(Data shown begins)

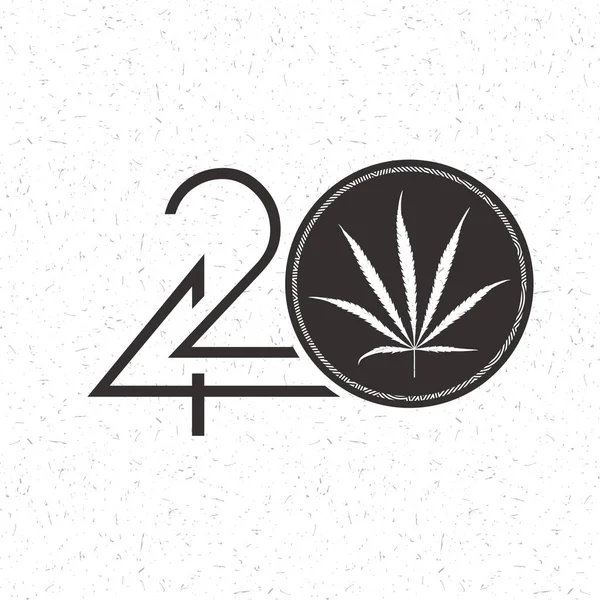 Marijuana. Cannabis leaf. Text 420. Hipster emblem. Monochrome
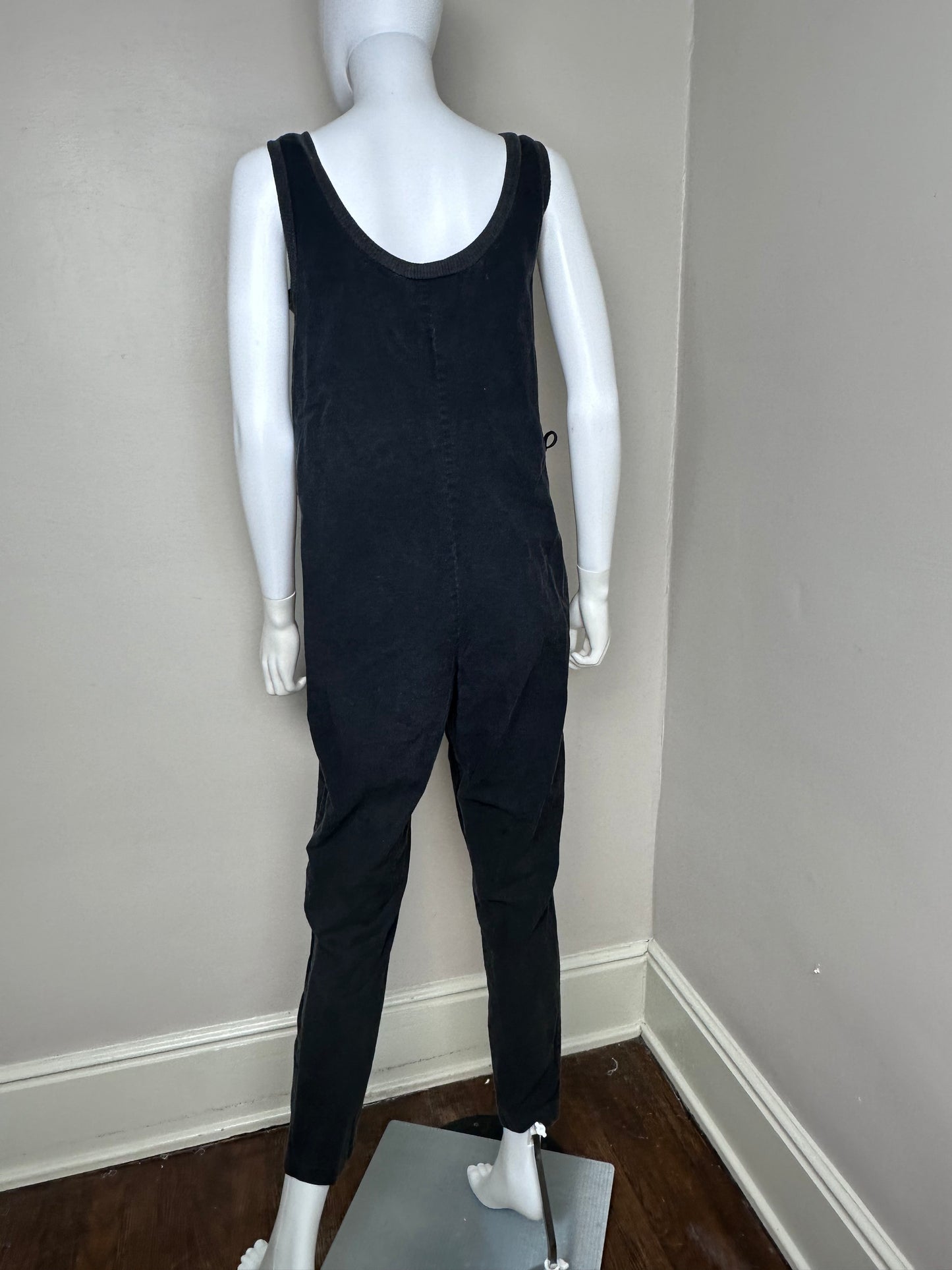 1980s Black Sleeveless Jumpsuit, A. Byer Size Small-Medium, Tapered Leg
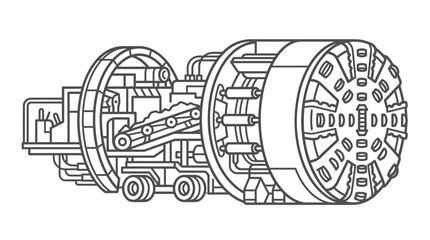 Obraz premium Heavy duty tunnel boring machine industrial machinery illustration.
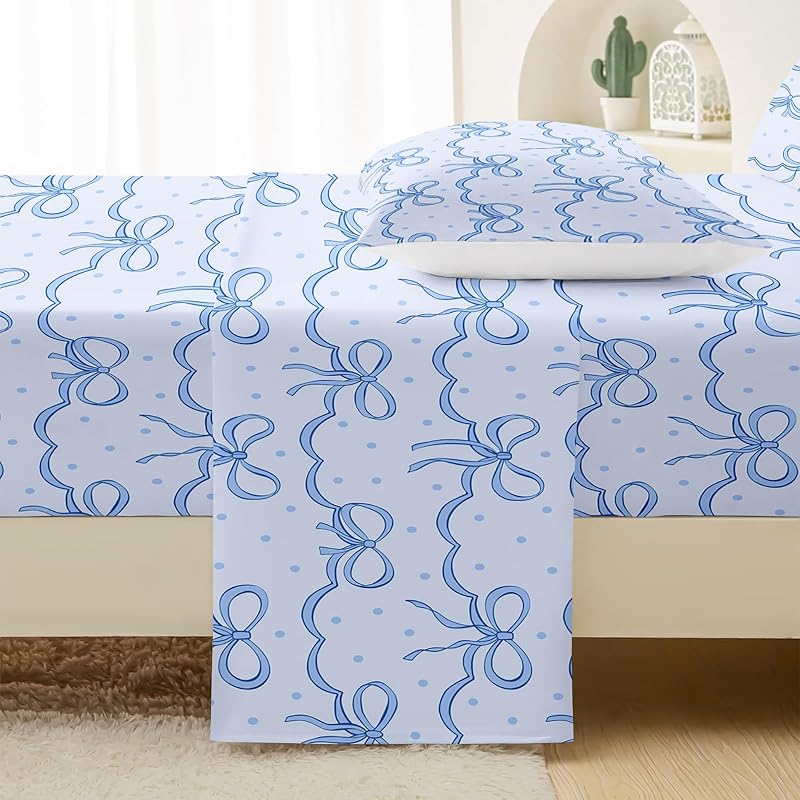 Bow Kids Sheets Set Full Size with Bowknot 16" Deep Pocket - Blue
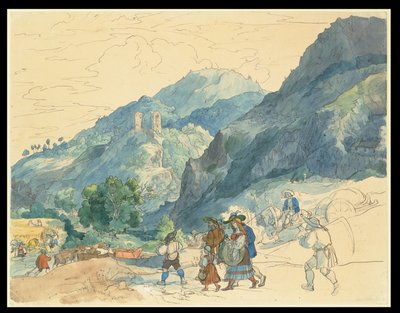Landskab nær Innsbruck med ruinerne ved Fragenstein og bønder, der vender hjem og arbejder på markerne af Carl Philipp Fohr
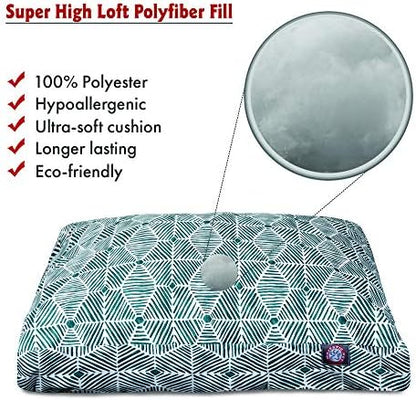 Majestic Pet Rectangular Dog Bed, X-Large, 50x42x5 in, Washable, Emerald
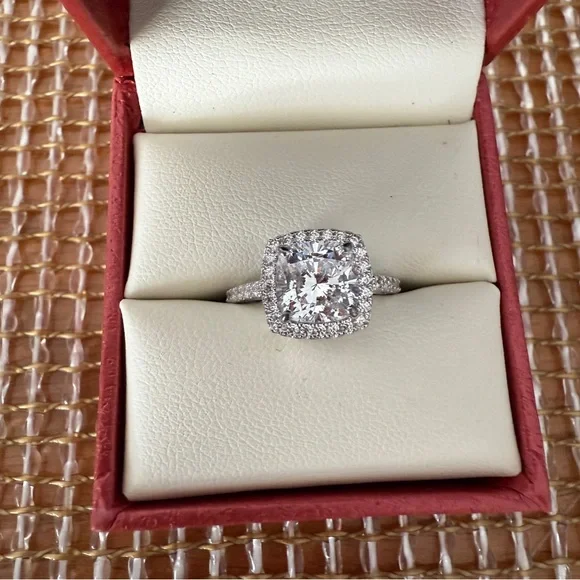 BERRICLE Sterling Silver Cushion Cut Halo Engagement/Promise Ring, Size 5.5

(Data shown ends)

◆ **Exercise prompt**
Set down every entry word for word, but omit the pictures.

◆ **Expected output**
 Marijuana. Cannabis leaf. Text 420. Hipster emblem. Monochrome
 1980s Black Sleeveless Jumpsuit, A. Byer Size Small-Medium, Tapered Leg
 Obraz premium Heavy duty tunnel boring machine industrial machinery illustration.
 Bow Kids Sheets Set Full Size with Bowknot 16" Deep Pocket - Blue
Landskab nær Innsbruck med ruinerne ved Fragenstein og bønder, der vender hjem og arbejder på markerne af Carl Philipp Fohr
 Majestic Pet Rectangular Dog Bed, X-Large, 50x42x5 in, Washable, Emerald
 BERRICLE Sterling Silver Cushion Cut Halo Engagement/Promise Ring, Size 5.5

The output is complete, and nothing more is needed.